Is there an ideal business model for such digital enterprises?
The truth is that as yet we don't know what these business models will be. Let's just cast our minds back to earlier technological revolutions such as the telephone and the motorcar. Alexander Graham Bell had no idea of the extent to which his invention would be used or that it would lead to the opening up of telephone companies. Henry Ford couldn't have imagined as he sat on his first model-T that it would lead to worldwide production lines of mass-produced cars. Both these inventions had a tremendous impact on business and the way we live our lives. They both required the complete root and branch reform of earlier business models, as indeed will the internet. The world wide web has also recast some basic economic principles too, the ever decreasing cost of technology for one thing, especially in computing and communications, has changed the reach/richness trade-off. Amazon.com is a prime example of this, managing to reach more people with a richer content through the enhanced personalisation of that content. The lowering costs of search, coordination and supervision have all lead to lower transaction costs.
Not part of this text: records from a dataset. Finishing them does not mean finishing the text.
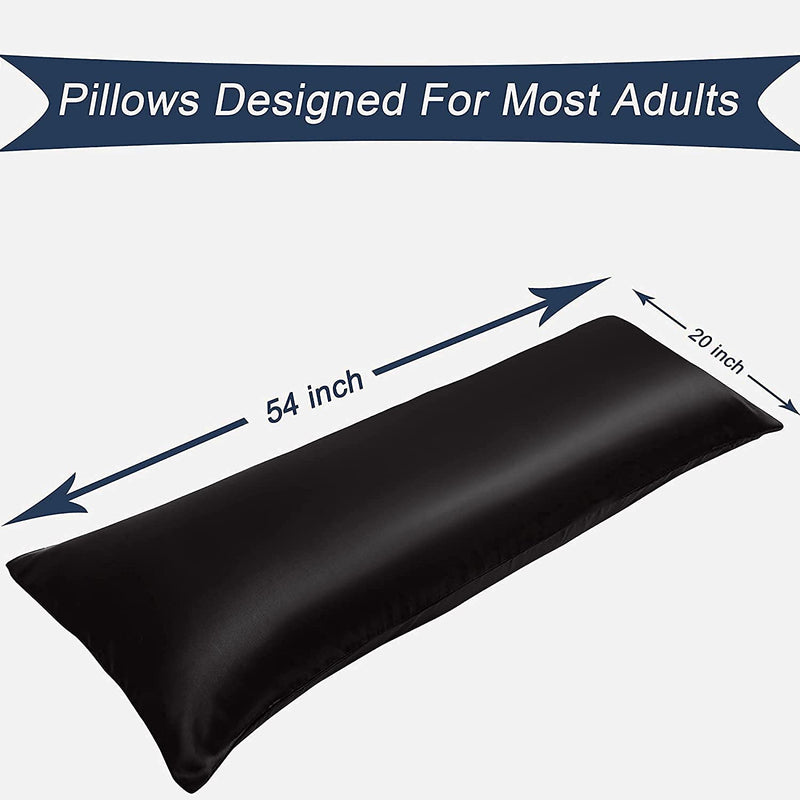 MRRON Memory foam body pillow Hug Pillow for Sleeping, 3 MONTH WARRANTY/Full Body Pillow, Long Pillow for Bed, Pregnancy Pillow for Sleeping, Large Pillow with Velvet Cover, Black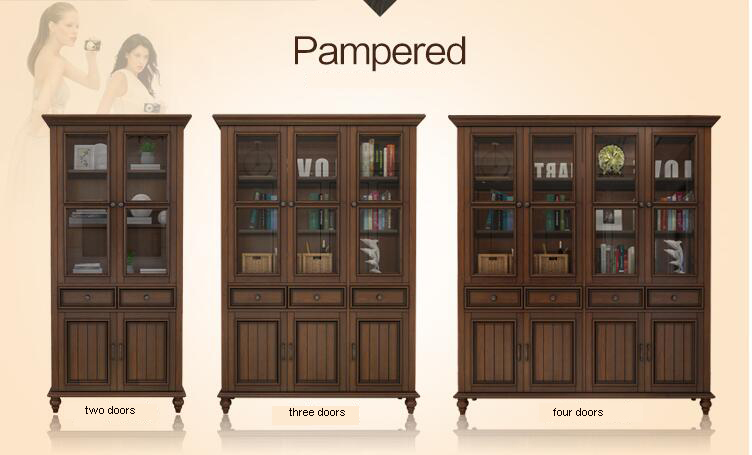 European Style Furniture Solid Teak Wood Bookcase (GSP18-001)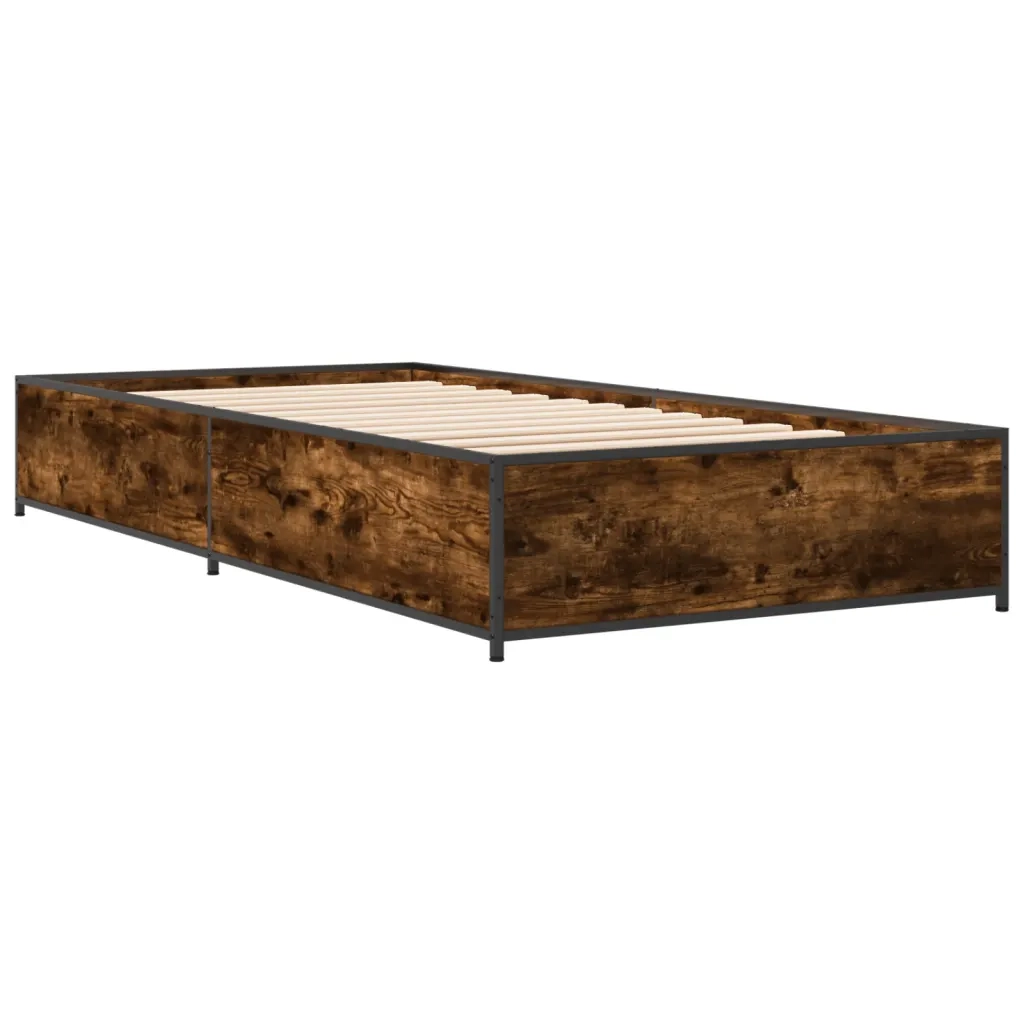 Letto singolo | Letto per adulti | Giroletto Rovere Fumo 100x200 cm in Legno Multistrato e Metallo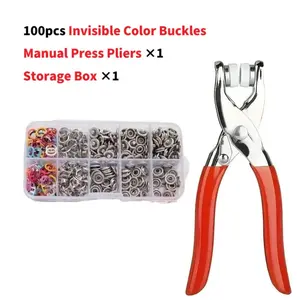 100Pcs Buttons & Pliers Tool Kit,Household Sewing Accessories for DIY Handicraft Clothing & Hat,Including 100pcs Invisible Colored Metal Buckle & 1 Count Manual Pressure PliersSeamless Stitching Sewing Kit Tools,Sewing Supplies Crafts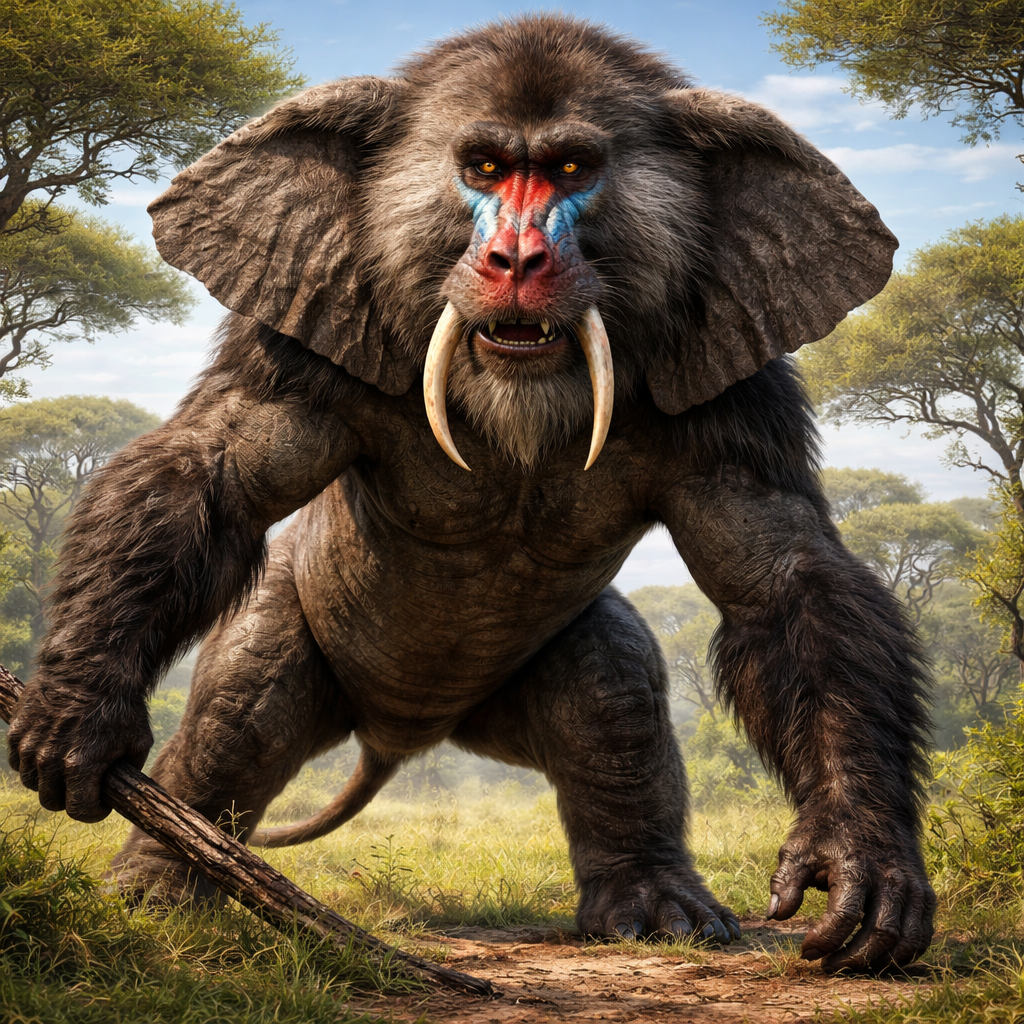 Eleaboon, hybrid of Elephant and Baboon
So what conclusions can be drawn from all this turmoil?
Well, for one thing the internet is here to stay, and though it is not clear what business models will survive, you can be sure that they will be different from the current ones. Business models have a tendency to converge with both pure e-commerce players and the traditional businesses moving towards one another and meeting somewhere in the middle. Pure dot.com models, other than businesses with a very high information content, are hard to sustain. There are advantages there to be had for existing companies that learn to adapt and hard-wire the internet into their core business activities.
E- players will need to lower their costs and face lowering margins because of the ease with which comparisons can be made on the net. Cost differentials will become increasingly important in a world of zero search costs.